Today is my 72nd birthday, so I’m taking a refresher course on being old from one of my favorite poets.
May Sarton (1912-1995) was a prolific writer and poet. She did old age as well as anybody I ever knew or any writer I ever read.
From her Journal of a Solitude:
We have to dare to be ourselves, however frightening or strange that self may prove to be.
There is no doubt that solitude is a challenge and to maintain balance within it a precarious business. But I must not forget that, for me, being with people or even with one beloved person for any length of time without solitude is even worse. I lose my center. I feel dispersed, scattered, in pieces. I must have time alone in which to mull over my encounter, and to extract its juice, its essence, to understand what has really happened to me as a consequence of it.

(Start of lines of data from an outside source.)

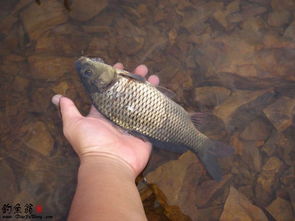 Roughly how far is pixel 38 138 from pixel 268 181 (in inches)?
134

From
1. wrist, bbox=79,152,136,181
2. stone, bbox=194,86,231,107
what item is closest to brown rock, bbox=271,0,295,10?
stone, bbox=194,86,231,107

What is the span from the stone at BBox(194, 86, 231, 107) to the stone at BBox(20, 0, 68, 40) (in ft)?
8.18

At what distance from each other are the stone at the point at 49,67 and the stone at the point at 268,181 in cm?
327

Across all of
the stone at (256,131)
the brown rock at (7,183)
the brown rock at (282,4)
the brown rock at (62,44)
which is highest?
the brown rock at (282,4)

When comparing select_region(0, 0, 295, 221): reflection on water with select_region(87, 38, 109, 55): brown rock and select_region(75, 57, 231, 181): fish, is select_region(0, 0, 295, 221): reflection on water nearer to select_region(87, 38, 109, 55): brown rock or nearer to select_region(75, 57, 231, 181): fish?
select_region(87, 38, 109, 55): brown rock

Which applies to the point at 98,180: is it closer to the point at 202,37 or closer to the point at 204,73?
the point at 204,73

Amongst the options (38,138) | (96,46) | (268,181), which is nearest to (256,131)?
(268,181)

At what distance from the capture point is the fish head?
128 inches

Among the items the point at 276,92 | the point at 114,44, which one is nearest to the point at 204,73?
the point at 276,92

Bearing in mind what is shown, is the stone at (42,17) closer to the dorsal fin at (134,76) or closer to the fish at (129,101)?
the fish at (129,101)

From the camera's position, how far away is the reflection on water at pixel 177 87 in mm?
4145

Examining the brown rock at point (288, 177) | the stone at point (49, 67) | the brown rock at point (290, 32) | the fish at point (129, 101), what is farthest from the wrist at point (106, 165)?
the brown rock at point (290, 32)

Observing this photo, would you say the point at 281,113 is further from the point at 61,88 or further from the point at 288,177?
the point at 61,88

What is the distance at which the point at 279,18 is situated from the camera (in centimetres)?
505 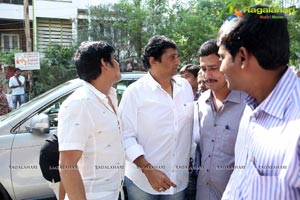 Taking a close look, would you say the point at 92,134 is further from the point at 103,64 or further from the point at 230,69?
the point at 230,69

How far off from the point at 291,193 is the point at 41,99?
3.07 metres

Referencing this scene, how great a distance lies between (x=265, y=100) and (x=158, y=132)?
1.04m

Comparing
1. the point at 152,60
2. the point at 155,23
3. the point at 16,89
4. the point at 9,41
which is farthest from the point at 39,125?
the point at 9,41

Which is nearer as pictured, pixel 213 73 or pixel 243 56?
pixel 243 56

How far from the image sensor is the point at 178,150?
85.7 inches

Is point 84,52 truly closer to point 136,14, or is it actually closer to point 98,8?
point 136,14

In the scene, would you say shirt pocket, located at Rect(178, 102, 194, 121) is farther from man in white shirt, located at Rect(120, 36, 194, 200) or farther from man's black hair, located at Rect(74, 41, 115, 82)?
man's black hair, located at Rect(74, 41, 115, 82)

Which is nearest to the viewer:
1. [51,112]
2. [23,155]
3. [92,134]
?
[92,134]

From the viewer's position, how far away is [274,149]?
108cm

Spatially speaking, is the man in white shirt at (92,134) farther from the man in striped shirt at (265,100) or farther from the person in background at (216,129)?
the man in striped shirt at (265,100)

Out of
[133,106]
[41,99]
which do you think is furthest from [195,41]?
[133,106]

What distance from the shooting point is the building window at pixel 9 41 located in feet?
63.3

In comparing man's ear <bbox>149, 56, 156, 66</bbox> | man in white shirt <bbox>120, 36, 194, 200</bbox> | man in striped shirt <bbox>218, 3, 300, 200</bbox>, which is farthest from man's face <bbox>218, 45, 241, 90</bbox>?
man's ear <bbox>149, 56, 156, 66</bbox>

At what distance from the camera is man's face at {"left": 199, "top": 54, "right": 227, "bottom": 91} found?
6.56 feet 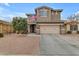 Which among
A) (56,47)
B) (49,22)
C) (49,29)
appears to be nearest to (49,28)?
(49,29)

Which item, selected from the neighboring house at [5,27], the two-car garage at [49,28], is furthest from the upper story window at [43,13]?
the neighboring house at [5,27]

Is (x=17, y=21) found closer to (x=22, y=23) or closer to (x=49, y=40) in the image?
(x=22, y=23)

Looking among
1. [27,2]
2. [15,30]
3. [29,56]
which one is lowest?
[29,56]

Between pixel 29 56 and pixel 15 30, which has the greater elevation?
pixel 15 30

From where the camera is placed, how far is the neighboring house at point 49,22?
9.27 m

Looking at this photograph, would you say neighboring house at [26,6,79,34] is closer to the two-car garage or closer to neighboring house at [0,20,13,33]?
the two-car garage

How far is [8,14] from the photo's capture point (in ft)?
30.4

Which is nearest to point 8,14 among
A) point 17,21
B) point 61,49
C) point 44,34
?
point 17,21

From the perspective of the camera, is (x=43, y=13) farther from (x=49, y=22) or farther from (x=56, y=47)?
(x=56, y=47)

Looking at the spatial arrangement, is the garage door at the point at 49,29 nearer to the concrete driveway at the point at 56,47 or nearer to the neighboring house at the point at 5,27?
the concrete driveway at the point at 56,47

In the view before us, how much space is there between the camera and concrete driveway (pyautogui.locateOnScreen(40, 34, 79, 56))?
29.9ft

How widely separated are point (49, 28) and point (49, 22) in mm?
202

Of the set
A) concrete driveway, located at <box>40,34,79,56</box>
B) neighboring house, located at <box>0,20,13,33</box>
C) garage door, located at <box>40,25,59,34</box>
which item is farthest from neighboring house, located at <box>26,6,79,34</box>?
neighboring house, located at <box>0,20,13,33</box>

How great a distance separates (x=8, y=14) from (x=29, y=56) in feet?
4.07
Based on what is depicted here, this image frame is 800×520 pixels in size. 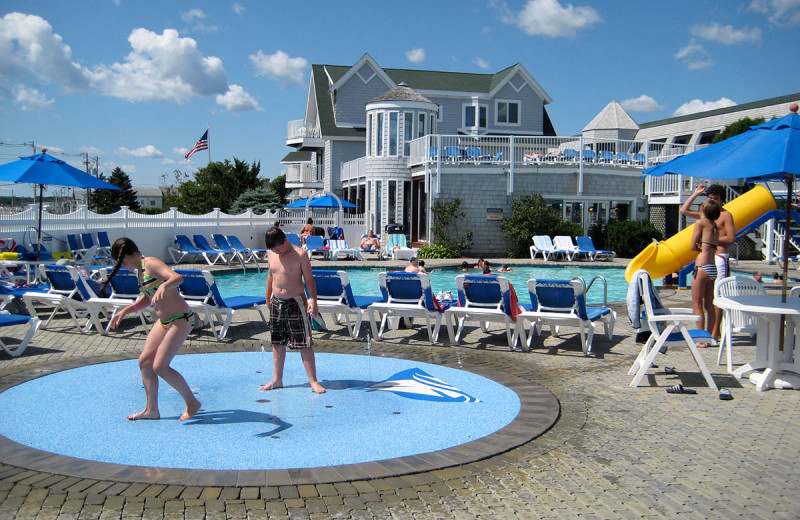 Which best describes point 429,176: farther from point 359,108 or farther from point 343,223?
point 359,108

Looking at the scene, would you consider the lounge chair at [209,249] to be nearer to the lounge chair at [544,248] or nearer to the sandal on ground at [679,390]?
the lounge chair at [544,248]

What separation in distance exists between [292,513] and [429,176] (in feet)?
73.5

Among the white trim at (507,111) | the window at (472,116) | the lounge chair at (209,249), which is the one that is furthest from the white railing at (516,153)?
the white trim at (507,111)

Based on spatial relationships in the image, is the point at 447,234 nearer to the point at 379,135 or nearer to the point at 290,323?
the point at 379,135

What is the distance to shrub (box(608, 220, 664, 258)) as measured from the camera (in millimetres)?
25156

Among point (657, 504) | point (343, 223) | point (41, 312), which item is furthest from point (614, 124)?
point (657, 504)

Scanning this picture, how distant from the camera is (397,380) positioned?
24.0 feet

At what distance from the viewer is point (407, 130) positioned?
28812mm

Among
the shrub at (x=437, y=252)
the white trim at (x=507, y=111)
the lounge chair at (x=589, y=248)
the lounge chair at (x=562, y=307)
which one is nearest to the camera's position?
the lounge chair at (x=562, y=307)

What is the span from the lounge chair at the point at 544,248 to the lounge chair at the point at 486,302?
50.4 ft

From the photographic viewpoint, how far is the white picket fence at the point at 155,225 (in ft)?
55.4

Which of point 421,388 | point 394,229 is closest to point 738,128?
point 394,229

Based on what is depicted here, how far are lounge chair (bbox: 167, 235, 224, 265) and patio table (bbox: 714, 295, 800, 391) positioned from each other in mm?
17398

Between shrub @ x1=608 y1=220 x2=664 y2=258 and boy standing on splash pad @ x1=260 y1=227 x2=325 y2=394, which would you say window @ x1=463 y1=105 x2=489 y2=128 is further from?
boy standing on splash pad @ x1=260 y1=227 x2=325 y2=394
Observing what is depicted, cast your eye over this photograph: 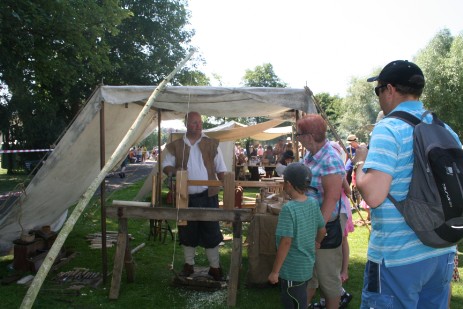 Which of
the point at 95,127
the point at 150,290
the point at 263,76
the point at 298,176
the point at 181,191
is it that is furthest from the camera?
the point at 263,76

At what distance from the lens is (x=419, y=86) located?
175cm

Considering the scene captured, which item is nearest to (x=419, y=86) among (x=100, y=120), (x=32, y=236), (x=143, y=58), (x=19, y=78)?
(x=100, y=120)

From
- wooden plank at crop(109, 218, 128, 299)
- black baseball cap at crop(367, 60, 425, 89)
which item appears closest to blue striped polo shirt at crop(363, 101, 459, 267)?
black baseball cap at crop(367, 60, 425, 89)

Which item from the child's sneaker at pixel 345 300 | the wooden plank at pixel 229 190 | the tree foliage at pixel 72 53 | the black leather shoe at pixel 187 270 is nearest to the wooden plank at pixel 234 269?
the wooden plank at pixel 229 190

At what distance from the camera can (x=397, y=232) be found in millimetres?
1674

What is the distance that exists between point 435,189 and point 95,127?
397 cm

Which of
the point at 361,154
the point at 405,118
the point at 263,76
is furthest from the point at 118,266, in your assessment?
the point at 263,76

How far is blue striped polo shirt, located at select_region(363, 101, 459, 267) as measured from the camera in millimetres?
1635

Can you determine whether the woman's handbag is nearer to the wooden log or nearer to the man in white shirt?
the wooden log

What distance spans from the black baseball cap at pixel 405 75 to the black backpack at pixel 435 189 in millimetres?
183

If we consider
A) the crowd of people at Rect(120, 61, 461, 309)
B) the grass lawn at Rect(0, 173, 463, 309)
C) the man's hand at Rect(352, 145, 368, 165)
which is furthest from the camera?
the grass lawn at Rect(0, 173, 463, 309)

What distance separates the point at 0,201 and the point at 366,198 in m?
10.9

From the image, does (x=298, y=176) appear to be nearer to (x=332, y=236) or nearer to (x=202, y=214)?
(x=332, y=236)

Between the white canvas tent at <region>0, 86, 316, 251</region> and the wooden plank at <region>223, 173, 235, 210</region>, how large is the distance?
3.10ft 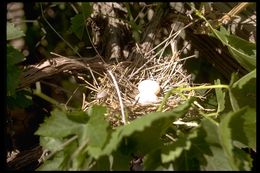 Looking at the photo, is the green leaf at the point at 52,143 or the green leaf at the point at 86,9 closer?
the green leaf at the point at 52,143

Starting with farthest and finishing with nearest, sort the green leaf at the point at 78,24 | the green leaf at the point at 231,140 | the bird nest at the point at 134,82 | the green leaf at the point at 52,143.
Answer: the green leaf at the point at 78,24
the bird nest at the point at 134,82
the green leaf at the point at 52,143
the green leaf at the point at 231,140

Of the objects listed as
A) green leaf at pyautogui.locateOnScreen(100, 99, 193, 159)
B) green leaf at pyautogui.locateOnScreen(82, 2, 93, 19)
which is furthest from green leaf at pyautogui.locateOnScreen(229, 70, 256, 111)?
green leaf at pyautogui.locateOnScreen(82, 2, 93, 19)

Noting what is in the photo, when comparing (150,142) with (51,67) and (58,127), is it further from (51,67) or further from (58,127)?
A: (51,67)

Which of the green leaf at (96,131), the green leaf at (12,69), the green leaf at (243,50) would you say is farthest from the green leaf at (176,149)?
the green leaf at (12,69)

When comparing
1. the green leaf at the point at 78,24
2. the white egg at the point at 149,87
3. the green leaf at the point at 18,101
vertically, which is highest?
the green leaf at the point at 78,24

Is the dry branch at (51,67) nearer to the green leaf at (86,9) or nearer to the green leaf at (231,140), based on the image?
the green leaf at (86,9)

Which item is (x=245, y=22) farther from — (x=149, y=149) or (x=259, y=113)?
(x=149, y=149) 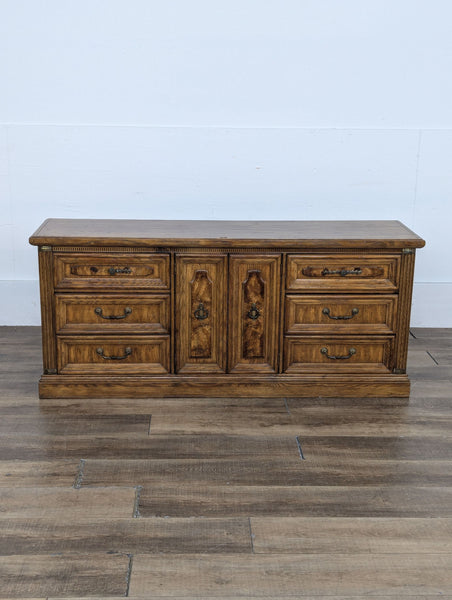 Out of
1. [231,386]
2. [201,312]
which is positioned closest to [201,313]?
[201,312]

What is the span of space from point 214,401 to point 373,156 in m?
1.63

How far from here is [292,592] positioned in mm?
2178

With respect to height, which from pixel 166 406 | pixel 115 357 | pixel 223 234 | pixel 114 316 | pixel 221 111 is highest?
pixel 221 111

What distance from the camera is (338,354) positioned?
11.5 ft

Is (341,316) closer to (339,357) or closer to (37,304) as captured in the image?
(339,357)

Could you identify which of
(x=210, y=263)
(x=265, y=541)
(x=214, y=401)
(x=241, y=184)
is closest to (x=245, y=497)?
(x=265, y=541)

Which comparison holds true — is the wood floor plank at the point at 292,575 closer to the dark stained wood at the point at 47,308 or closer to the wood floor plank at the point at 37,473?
the wood floor plank at the point at 37,473

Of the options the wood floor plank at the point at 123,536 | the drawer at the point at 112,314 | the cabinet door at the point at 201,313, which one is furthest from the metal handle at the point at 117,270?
the wood floor plank at the point at 123,536

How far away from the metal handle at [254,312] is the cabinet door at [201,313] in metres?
0.11

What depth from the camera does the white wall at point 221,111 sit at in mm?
3971

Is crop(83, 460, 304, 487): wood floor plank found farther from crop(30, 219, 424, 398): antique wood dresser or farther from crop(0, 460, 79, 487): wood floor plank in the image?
crop(30, 219, 424, 398): antique wood dresser

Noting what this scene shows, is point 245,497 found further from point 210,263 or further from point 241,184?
point 241,184

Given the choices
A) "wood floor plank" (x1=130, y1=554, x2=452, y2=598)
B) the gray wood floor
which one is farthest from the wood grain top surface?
"wood floor plank" (x1=130, y1=554, x2=452, y2=598)

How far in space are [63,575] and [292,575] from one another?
25.6 inches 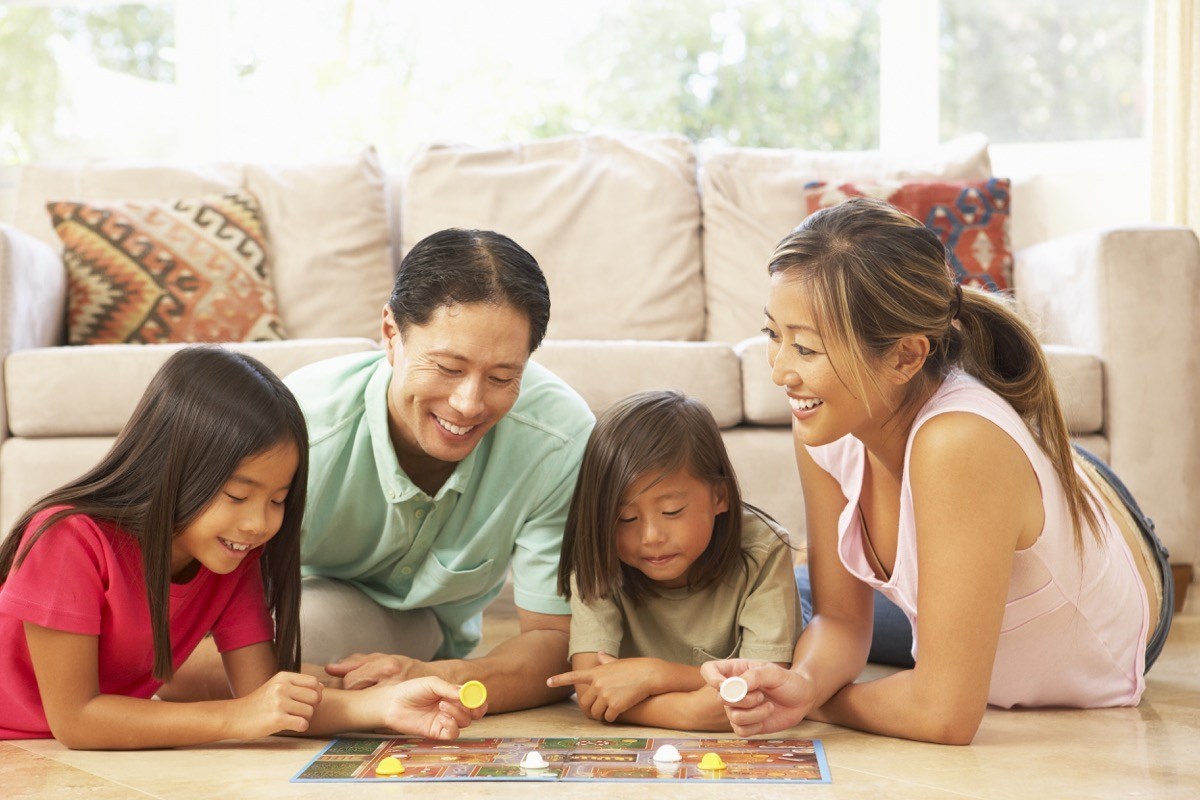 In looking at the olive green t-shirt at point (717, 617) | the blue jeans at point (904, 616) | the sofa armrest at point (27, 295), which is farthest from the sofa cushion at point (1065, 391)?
the sofa armrest at point (27, 295)

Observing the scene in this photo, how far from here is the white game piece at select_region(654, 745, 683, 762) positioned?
1412 millimetres

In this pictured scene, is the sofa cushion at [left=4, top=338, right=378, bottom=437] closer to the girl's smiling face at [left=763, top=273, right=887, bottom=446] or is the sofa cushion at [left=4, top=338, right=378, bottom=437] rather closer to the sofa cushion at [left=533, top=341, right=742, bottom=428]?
the sofa cushion at [left=533, top=341, right=742, bottom=428]

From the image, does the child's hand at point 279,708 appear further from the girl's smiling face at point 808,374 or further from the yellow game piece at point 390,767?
the girl's smiling face at point 808,374

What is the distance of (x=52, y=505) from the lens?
148cm

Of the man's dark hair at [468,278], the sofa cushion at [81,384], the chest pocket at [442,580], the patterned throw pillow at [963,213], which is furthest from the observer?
the patterned throw pillow at [963,213]

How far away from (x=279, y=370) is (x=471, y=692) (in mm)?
1298

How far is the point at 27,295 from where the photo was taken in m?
2.71

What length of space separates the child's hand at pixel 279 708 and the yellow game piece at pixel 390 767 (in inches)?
4.8

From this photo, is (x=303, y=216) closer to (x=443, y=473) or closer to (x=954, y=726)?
(x=443, y=473)

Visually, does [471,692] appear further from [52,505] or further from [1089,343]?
[1089,343]

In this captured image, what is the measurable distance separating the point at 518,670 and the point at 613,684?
15 cm

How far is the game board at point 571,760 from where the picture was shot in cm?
135

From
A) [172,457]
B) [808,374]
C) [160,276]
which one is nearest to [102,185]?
[160,276]

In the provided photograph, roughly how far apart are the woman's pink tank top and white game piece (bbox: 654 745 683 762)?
0.37 m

To read May Sarton’s poem “Now I Become Myself” click:

Now I Become Myself
by May Sarton
Now I become myself. It’s taken
Time, many years and places;
I have been dissolved and shaken,
Worn other people’s faces,
Run madly, as if Time were there,
Terribly old, crying a warning,
‘Hurry, you will be dead before-‘
(What? Before you reach the morning?
Or the end of the poem is clear?
Or love safe in the walled city?)
Now to stand still, to be here,
Feel my own weight and density!
The black shadow on the paper
Is my hand; the shadow of a word
As thought shapes the shaper
Falls heavy on the page, is heard.
All fuses now, falls into place
From wish to action, word to silence,
My work, my love, my time, my face
Gathered into one intense
Gesture of growing like a plant.
As slowly as the ripening fruit
Fertile, detached, and always spent,
Falls but does not exhaust the root,
So all the poem is, can give,
Grows in me to become the song,
Made so and rooted by love.
Now there is time and Time is young.
O, in this single hour I live
All of myself and do not move.
I, the pursued, who madly ran,
Stand still, stand still, and stop the sun!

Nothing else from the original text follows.